Which lines run from the one with "Ceiling Light Fixture" through the end of the data? Retype them exactly, without pictures.
(Beginning of Source material)
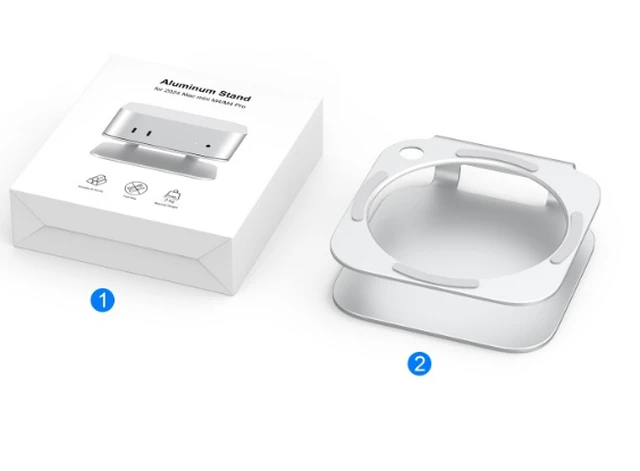 Main image of Mac mini M4 stand, M4 Pro metal cooling base, Mac mini desktop heightening support frame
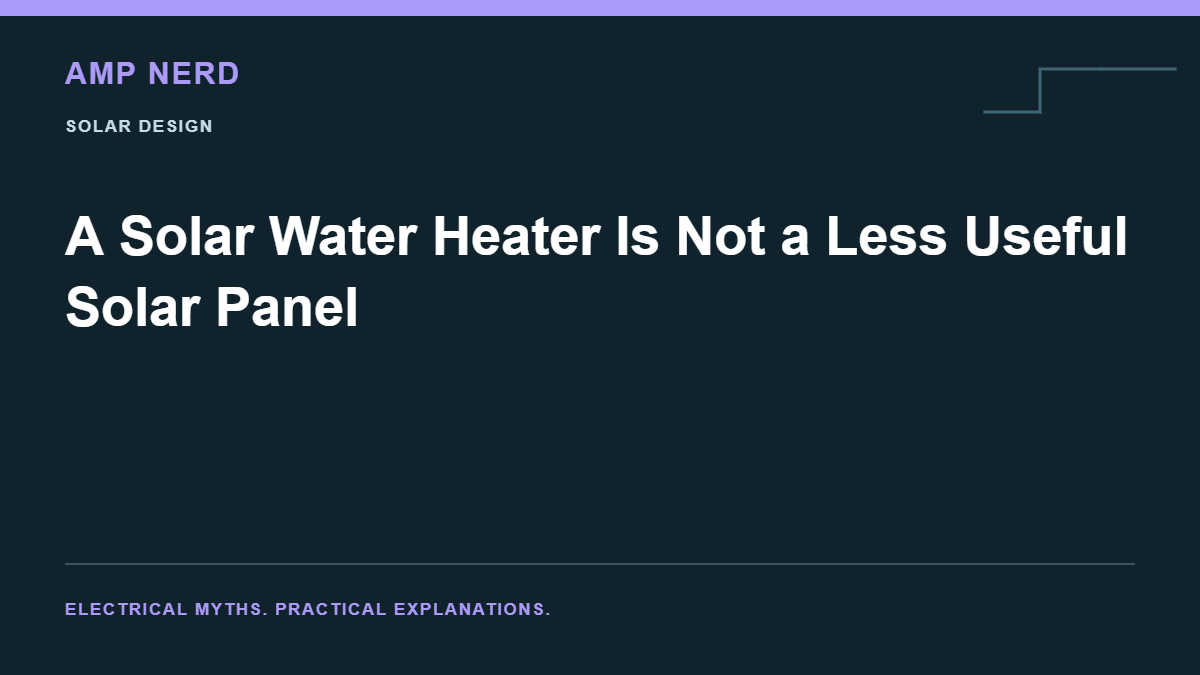 Amp Nerd article cover: A Solar Water Heater Is Not a Less Useful Solar Panel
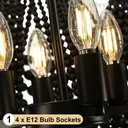26"Boho Chandelier Draped Wood Beaded Farmhouse Chandelier Ceiling Light Fixture
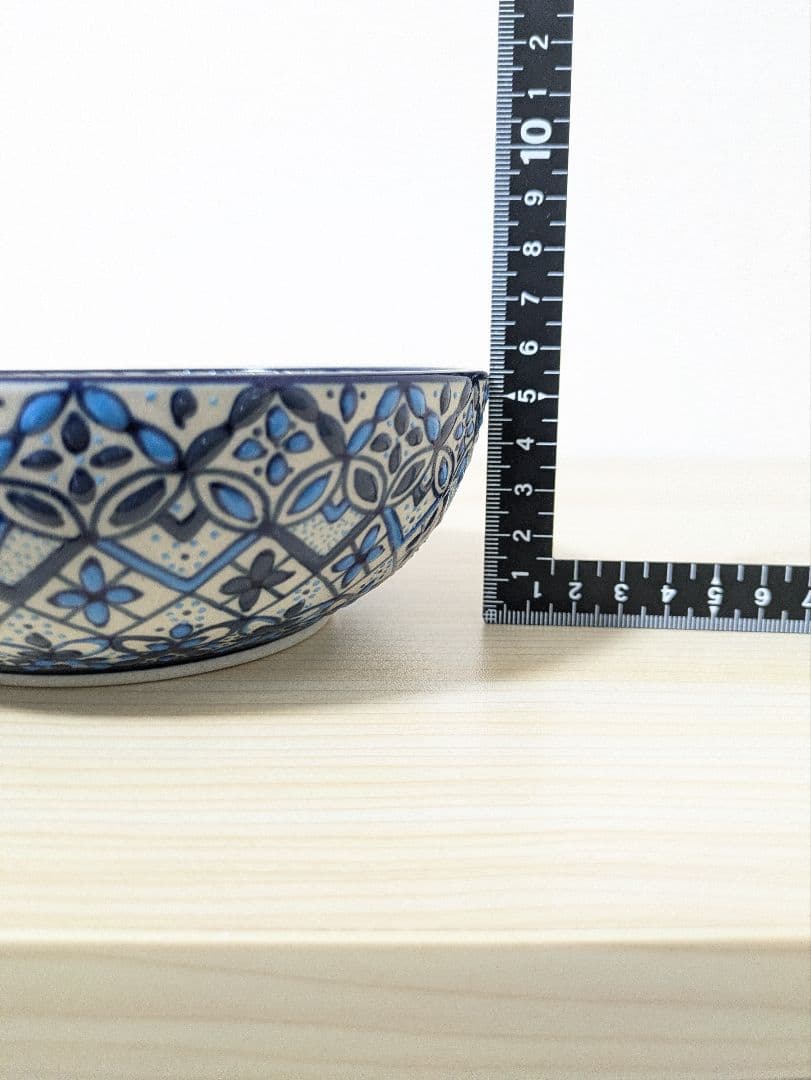 【未使用】Javier Servín ボウル セルビン焼き 青花柄 メキシコ陶器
(End of Source material)
- _Answer to this task_:
26"Boho Chandelier Draped Wood Beaded Farmhouse Chandelier Ceiling Light Fixture
 【未使用】Javier Servín ボウル セルビン焼き 青花柄 メキシコ陶器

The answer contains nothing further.